[[ Collected data, beginning ]]
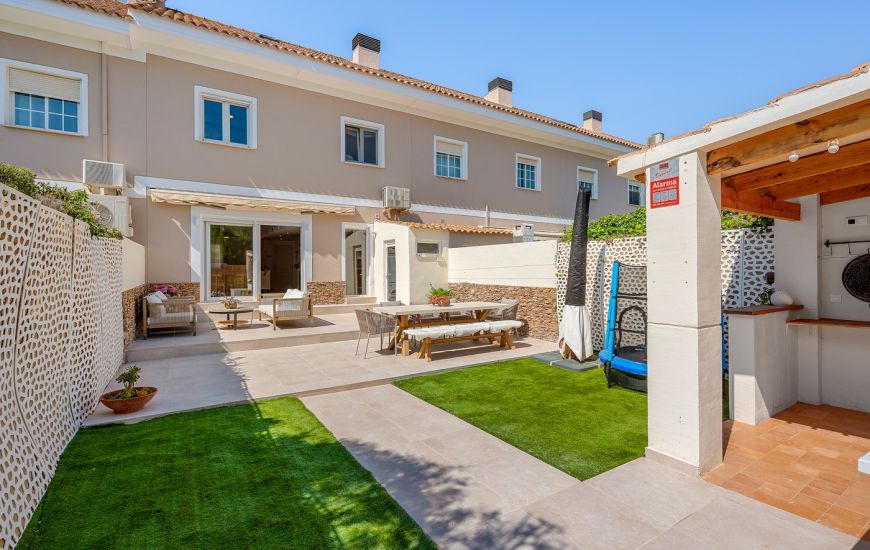 Sale - Townhouse - Alicante
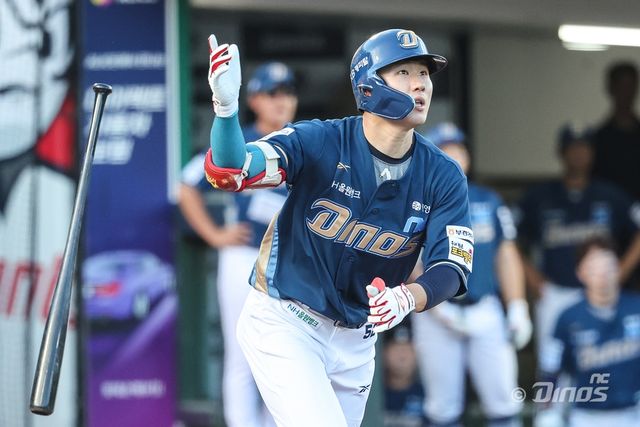 NC 다이노스 최원준이 지난 30일 부산 사직야구장에서 열린 2025 신한 SOL Bank KBO리그 롯데 자이언츠와 원정경기에 9번타자 겸 중견수로 선발 출전해 4타수 2안타 3타점 2득점 1도루를 기록했다. NC 다이노스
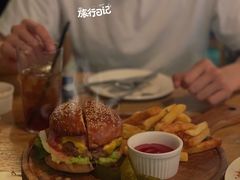 黑毛牛汉堡-羽深肉铺 Steak & Wine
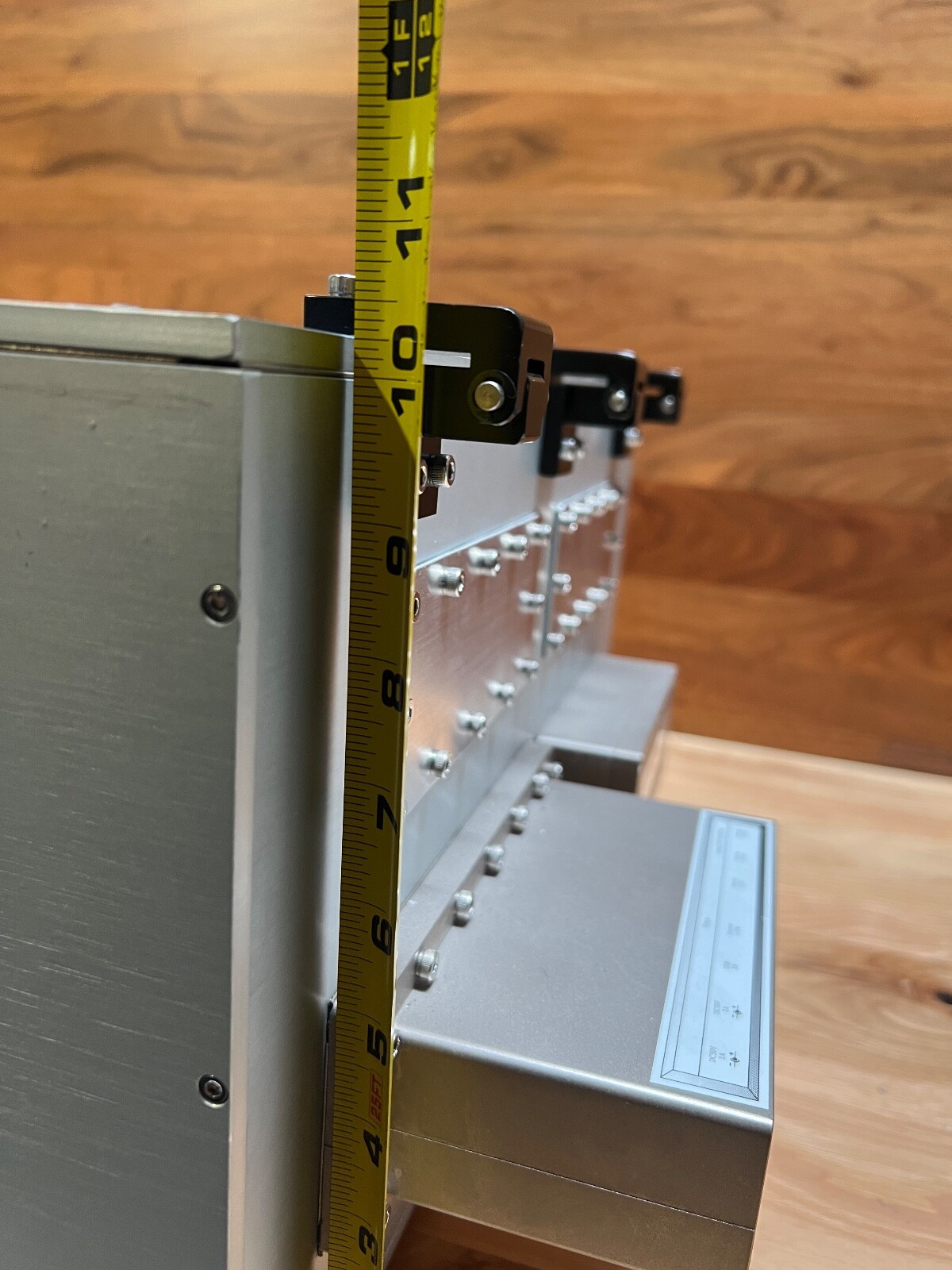 RF Shield Box Faraday enclosure EMI RFID Pass Through Interfaces Hydraulic lid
[[ Collected data, end ]]
■ Requirement ■
Repeat the whole listing above word for word, but keep any picture out of it.

■ Problem solution ■
 Sale - Townhouse - Alicante
 NC 다이노스 최원준이 지난 30일 부산 사직야구장에서 열린 2025 신한 SOL Bank KBO리그 롯데 자이언츠와 원정경기에 9번타자 겸 중견수로 선발 출전해 4타수 2안타 3타점 2득점 1도루를 기록했다. NC 다이노스
 黑毛牛汉堡-羽深肉铺 Steak & Wine
 RF Shield Box Faraday enclosure EMI RFID Pass Through Interfaces Hydraulic lid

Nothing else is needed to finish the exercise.